If you can’t answer the question, then most likely you do NOT know what is happening. Since you don’t know what is happening, it would do me no good to explain “is what happening?”. Quite frankly, I don’t know myself

Which brings us back to our original query… “is what happening?” I was pretty sure something was happening. I’m just not sure what it is. If what WAS happening then I’d know for sure what is happening. But since I don’t know if what is happening then naturally, I don’t know what is happening.
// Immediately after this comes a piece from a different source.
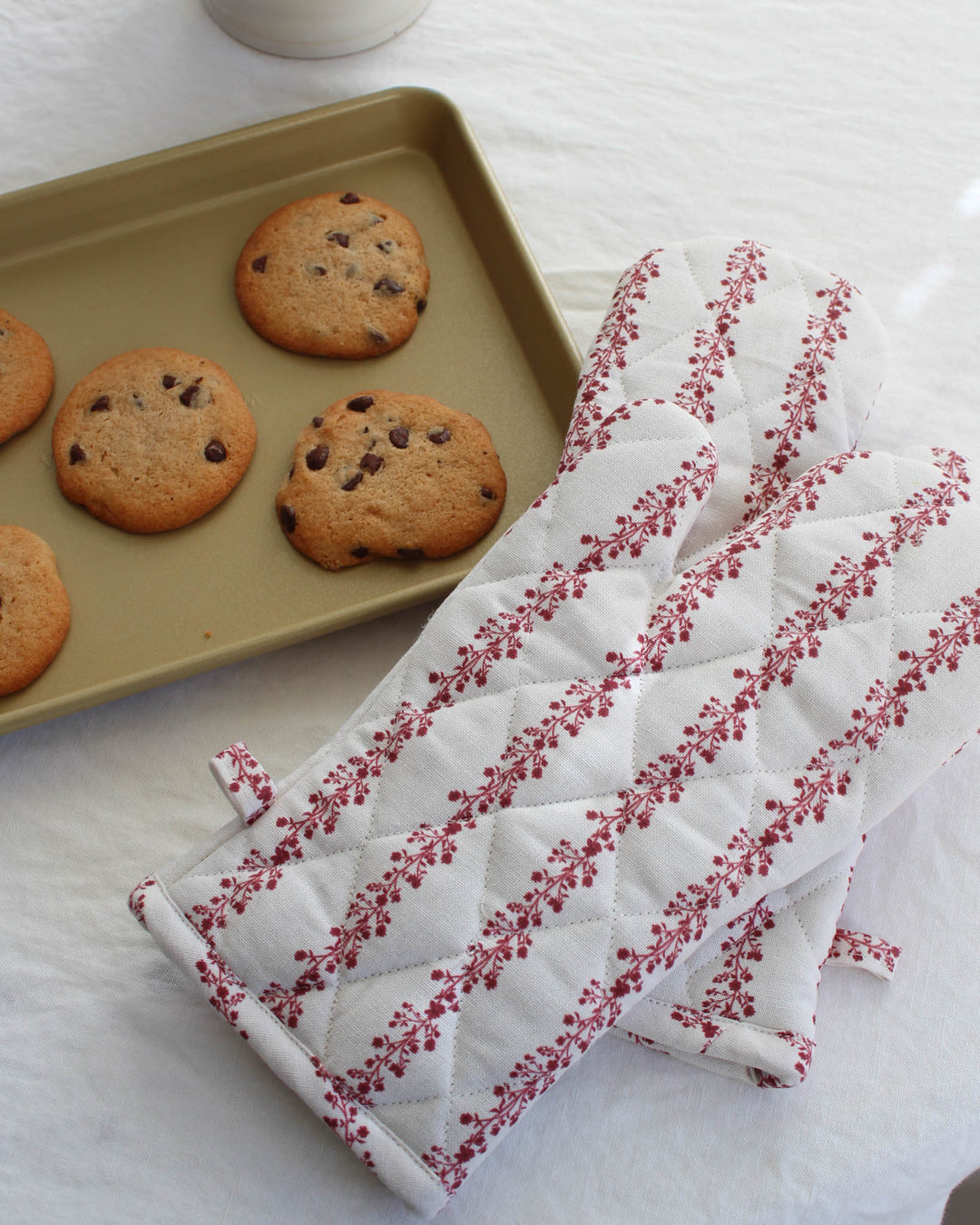 Begonia Stripe Ruby Oven Mitt Set
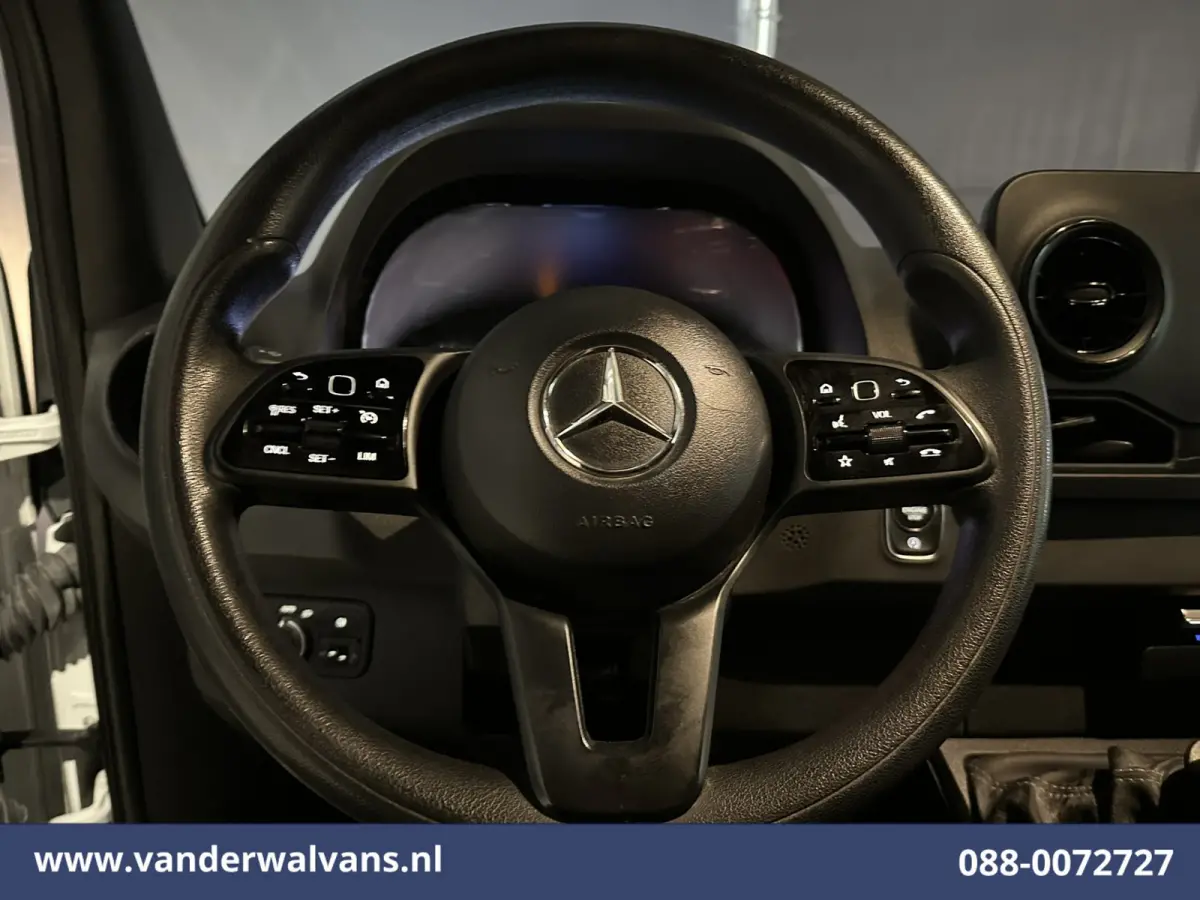 317 CDI 170pk L3H2 Euro6 Airco | Camera | Apple Carplay | Cruisecontrol Android Auto, Stoelverwarming, 270gr. Achterdeuren, Parkeersensoren, Bijrijdersbank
Now that we have that out of the way. Could you, please, tell me what is happening?

Test your mettle

Sunday, December 17th, 2006

One thing I’ve learned over the short span of my life is that stress can bring out the best in people… or the worst in people. Everyone will come to a point in thier life where they will suffer. We are made to cry and bleed. How we act during those trials will show what we truly have in our hearts. The suffering is like putting raw metal ore in a furnace… the heat causes all the impurities to float to the surface. You may never really know who you are until such a life changing event has occurred.

I know I have failed God in many ways through such tests. It is only just now that I’m beginning to understand why I feel so alone and forsaken. He wants to know what is in my heart. He wants to know because He knows I don’t.